What does a long game do to teams? April 13, 2015
Posted by tomflesher in Baseball.Tags: extra innings, file drawer, linear model, linear regression, Red Sox, Yankees
add a comment
Friday, the Red Sox took a 19-inning contest from the Yankees. Both teams have the unfortunate circumstance of finishing a game around 2:15 A.M. and having to be back on the field at 1:05 PM. Everyone, including the announcers, discussed how tired the teams would be; in particular, first baseman Mark Teixeira spent a long night on the bag to keep backup first baseman and apparent emergency pitcher Garrett Jones fresh, leading Alex Rodriguez to make his first career appearance at first base on Saturday.
Teixeira wasn’t the only player to sit out the next day – center fielders Jacoby Ellsbury and Mookie Betts, catchers Brian McCann and Sandy Leon, and most of the bullpen all sat out, among others. The Yankees called up pitcher Matt Tracy for a cup of coffee and sent Chasen Shreve down, then swapped Tracy back down to Scranton for Kyle Davies. Boston activated starter Joe Kelly from the disabled list, sending winning pitcher Steven Wright down to make room. Shreve and Wright each had solid outings, with Wright pitching five innings with 2 runs and Shreve pitching 3 1/3 scoreless.

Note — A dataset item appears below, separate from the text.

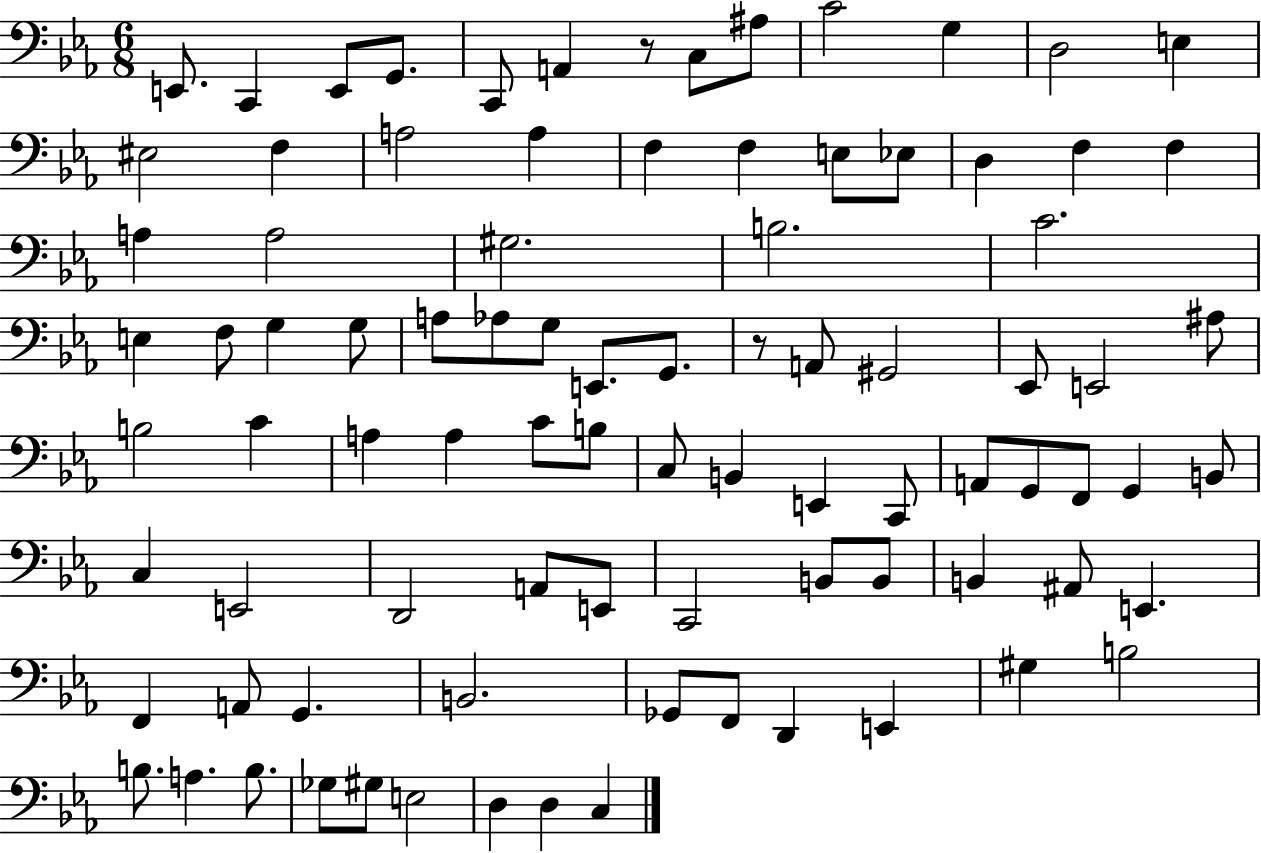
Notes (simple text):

E2/e. C2/q E2/e G2/e. C2/e A2/q R/e C3/e A#3/e C4/h G3/q D3/h E3/q EIS3/h F3/q A3/h A3/q F3/q F3/q E3/e Eb3/e D3/q F3/q F3/q A3/q A3/h G#3/h. B3/h. C4/h. E3/q F3/e G3/q G3/e A3/e Ab3/e G3/e E2/e. G2/e. R/e A2/e G#2/h Eb2/e E2/h A#3/e B3/h C4/q A3/q A3/q C4/e B3/e C3/e B2/q E2/q C2/e A2/e G2/e F2/e G2/q B2/e C3/q E2/h D2/h A2/e E2/e C2/h B2/e B2/e B2/q A#2/e E2/q. F2/q A2/e G2/q. B2/h. Gb2/e F2/e D2/q E2/q G#3/q B3/h B3/e. A3/q. B3/e. Gb3/e G#3/e E3/h D3/q D3/q C3/q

All those moves provide some explanation for a surprising result. Interested in what the effect of these long games are, I dug up all of the games from 2014 that lasted 14 innings or more. In a quick and dirty data set, I traced the scores for each team in their next games along with the number of outs pitched and the length in minutes of the game.
I fitted two linear models and two log models: two each with the next game’s runs as the dependent variable and two each with the difference in runs (next game’s runs – long game’s runs) as the dependent variable. Each used the length of the game in minutes, the number of outs, the average runs scored by the team during 2014, and an indicator variable for the presence of a designated hitter in each game. For each dependent variable, I modeled all variables in a linear form once and the natural log of outs and the natural log of the length of the game once.
With runs scored as the dependent variable, nothing was significant. That is, no variable correlated strongly with an increase or decrease in the number of runs scored.
With a run difference model, the length of the game in minutes became marginally significant. For the linear model, extending the length of the game by one minute lowers the difference in runs by about .043 runs – that is, normalizing for the number of runs scored the previous day, extending the game by one minute lowered the runs the next day by about .043. In the semilog model, extending the game by about 1% lowered the run difference by about 14; this was offset by an extremely high intercept term. This is a very high semielasticity, and both coefficients had p-values between .01 and .015. Nothing else was even close.
With all of the usual caveats about statistical analysis, this shows that teams are actually pretty good at bouncing back from long games, either due to the fact that most of the time they’re playing the same team (so teams are equally fatigued) or due to smart roster moves. Either way, it’s a surprise.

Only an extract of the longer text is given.